Maternity Benefit (Amendment) Bill, 2016
The Maternity Benefit (Amendment) Bill, 2016 has been recently passed by the Parliament. The Bill seeks to amend the old Maternity Benefit Act, 1961 that entitles women to receive maternity benefits from the place of employment. This benefit includes full time paid absence from work for taking care of her child. The current Act applies to all establishments where 10 or more persons have been employed. But this Act provided for only 12 weeks of maternity leave which was found to be insufficient for a woman to recover from child birth. So, some of the amendments which have been termed as landmark provisions have been brought about through the Bill.
The Bill-What are its Salient Features?
Some of the amendments that the Bill seeks to bring in the Act are:-
- Increase in weeks of leave– The Bill seeks to increase the number of weeks given for maternity leave from 12 to 26 weeks. These 26 weeks will thus be completely paid leaves for women bearing child.
- Adopting and commissioning mothers– The Bill also comes as a boon to the women who are willing to adopt baby below the age of three months and mothers who wish to obtain a child through surrogacy. These mothers will now get a fully paid leave for 12 weeks starting from the day the baby is handed over to the woman.

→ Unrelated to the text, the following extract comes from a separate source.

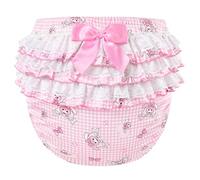 LittleForBig Encaje con volantes impermeables reutilizables y lavables con cinta de raso Conejos y lazos Usagi Patrón de volantes Cubierta de pañales para adultos Rosa L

- Scope of the amended Act– The legislature has now defined the applicability of the Act in more appropriate and rational terms. Now, the Act will apply not only to establishments employing more than 10 people but also to women upto the birth of their first two children. For the subsequent children the leave is to be restricted to 12 weeks.
- Creche facilities– The Bill seeks to make it mandatory for every establishment having more than 50 employees to provide for crèche facilities within a prescribed distance. The women can be allowed to visit their children in the crèche four times a day in the intervals of rest.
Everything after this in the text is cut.